Peygamber Efendimizin hizmetkârı Enes b. Mâlik (r.a.), ilgili bir hatırasını şöyle anlatır:
“Ben, ev halkına Resûl-i Ekrem’den (a.s.m.) daha şefkatli, daha merhametli davranan kimse hayatımda görmedim!
“İbrahim, Medine’nin Avâli kısmında süt annesinin yanında bulunurken, Peygamberimiz onu görmeye gider, biz de beraberinde bulunurduk.
“İbrahim’in süt babası (Ebû Seyf Bera b. Evs) demirci idi. Evinin her tarafı dumanlanmışken, Resûlullah içeri girer, oğlunu alır, öper, sonra dönerdi.
“Yine bir gün Resûlullah onu görmek için yola çıkmıştı. Ben de kendisini takip ediyordum.
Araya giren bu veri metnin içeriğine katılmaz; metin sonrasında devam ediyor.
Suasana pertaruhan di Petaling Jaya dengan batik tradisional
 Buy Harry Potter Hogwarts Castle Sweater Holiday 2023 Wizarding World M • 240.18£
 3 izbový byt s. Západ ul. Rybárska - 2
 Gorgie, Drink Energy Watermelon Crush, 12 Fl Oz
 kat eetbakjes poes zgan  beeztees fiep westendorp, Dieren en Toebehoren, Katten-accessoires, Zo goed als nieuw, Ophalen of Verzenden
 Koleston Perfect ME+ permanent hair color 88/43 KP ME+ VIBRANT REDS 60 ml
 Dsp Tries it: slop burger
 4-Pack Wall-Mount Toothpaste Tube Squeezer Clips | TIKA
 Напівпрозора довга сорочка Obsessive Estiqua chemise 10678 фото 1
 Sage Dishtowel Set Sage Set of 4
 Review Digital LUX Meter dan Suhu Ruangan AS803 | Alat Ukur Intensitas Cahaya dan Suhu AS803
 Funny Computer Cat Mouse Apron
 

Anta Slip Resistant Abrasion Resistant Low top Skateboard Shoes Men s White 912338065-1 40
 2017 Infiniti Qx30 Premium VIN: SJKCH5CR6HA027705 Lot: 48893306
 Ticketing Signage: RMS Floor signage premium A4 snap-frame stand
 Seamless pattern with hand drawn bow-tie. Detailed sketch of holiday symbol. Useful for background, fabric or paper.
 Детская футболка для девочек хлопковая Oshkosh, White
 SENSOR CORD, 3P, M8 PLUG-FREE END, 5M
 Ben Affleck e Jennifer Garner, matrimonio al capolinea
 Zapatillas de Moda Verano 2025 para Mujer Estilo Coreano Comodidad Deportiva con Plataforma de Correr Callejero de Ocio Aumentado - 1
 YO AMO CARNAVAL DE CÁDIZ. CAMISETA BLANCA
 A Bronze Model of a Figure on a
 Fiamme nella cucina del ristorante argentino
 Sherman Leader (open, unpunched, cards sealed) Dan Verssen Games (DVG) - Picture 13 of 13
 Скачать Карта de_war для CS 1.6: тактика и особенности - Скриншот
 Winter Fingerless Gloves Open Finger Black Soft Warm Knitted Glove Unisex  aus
Evine vardığımızda, Ebû Seyf körüğüne asılıp duruyordu. Evin içi dumana bürünmüştü. Hemen önden koştum; ona ‘Körüğünü durdur! Resûlullah (a.s.m.) geldi’ dedim. O da körüğünü durdurdu.
“Resûlullah, çocuğunu getirtti, bağrına bastı. Ona bazı sözler söyledi, onunla konuştu.”[4]
[1]İbn Sa’d, Tabakat, c. 1, s. 135; Taberî, c. 3, s. 139.
[3]Müslim, a.g.e., c. 4, s. 1808.
[4]Ahmed İbn Hanbel, Müsned, c. 4, s. 194; Müslim, a.g.e., c. 4, s. 1807.